Amy Cohen-Corwin (formerly known as Amy C. Murray) is a professor emerita of mathematics at Rutgers University, and former Dean of University College at Rutgers University. In 2006, she was named Fellow of the American Association for the Advancement of Science.

Cohen-Corwin is especially interested in the Korteweg–de Vries equation, cubic Schrödinger equation on the line, and improving undergraduate education, especially for future teachers. She worked on Project SEED whilst at the University of California, Berkeley in 1970 which fueled her interest in Mathematics education.

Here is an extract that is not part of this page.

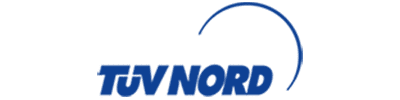 Niebieskie logo TUV NORD z półokręgiem nad napisem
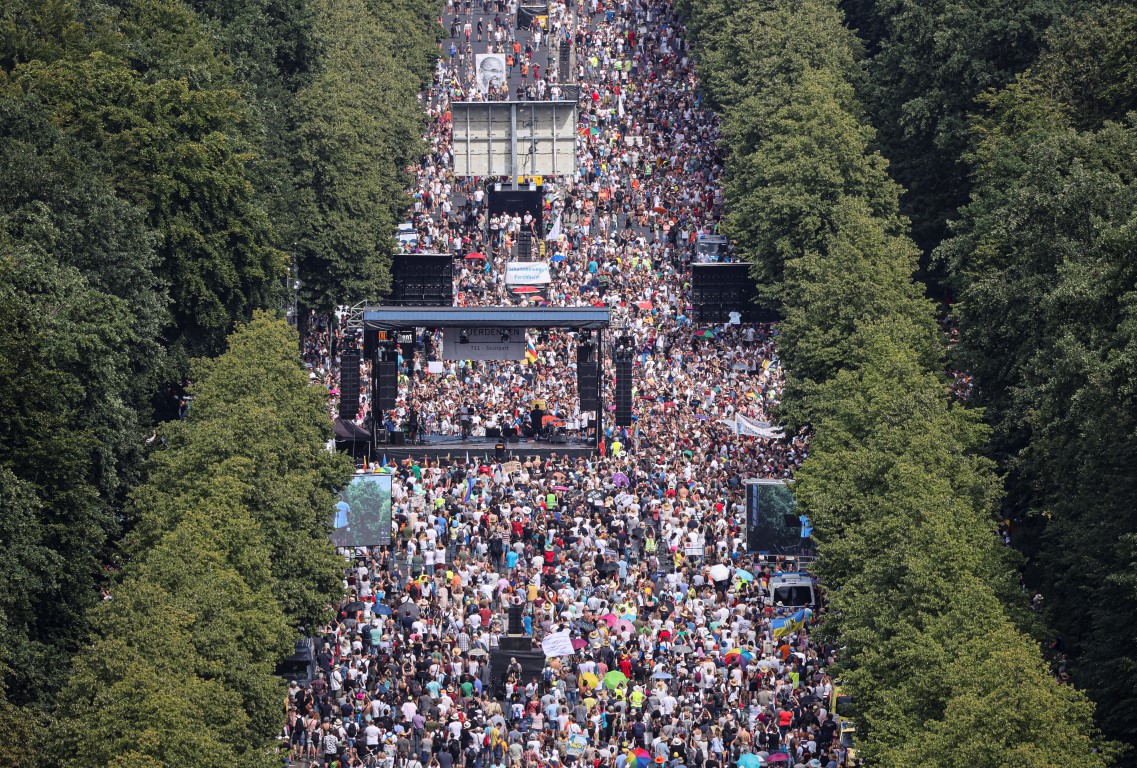 Protesters gathered near the Brandenburg Gate in Berlin. Photo: Reuters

Cohen-Corwin has held numerous organizational positions, including Co-organizer for the AIM (American Institute of Mathematics) and NSF (National Science Foundation)-sponsored workshop "Finding and Keeping Graduate Students in the Mathematical Sciences."

== Awards ==
- Louise Hay Award for Contributions to Mathematics Education, Joint Mathematics Meeting, Association for Women in Mathematics - 2013
- Fellow, American Association for the Advancement of Science, elected 2006
- Fellow, Association for Women in Mathematics, 2019

== Education ==
- Ph.D., 1970, Mathematics, University of California at Berkeley, under the supervision of Murray H. Protter
- M.S., 1966, Mathematics, University of California at Berkeley
- A.B., 1964, Mathematics, Harvard University (Radcliffe College)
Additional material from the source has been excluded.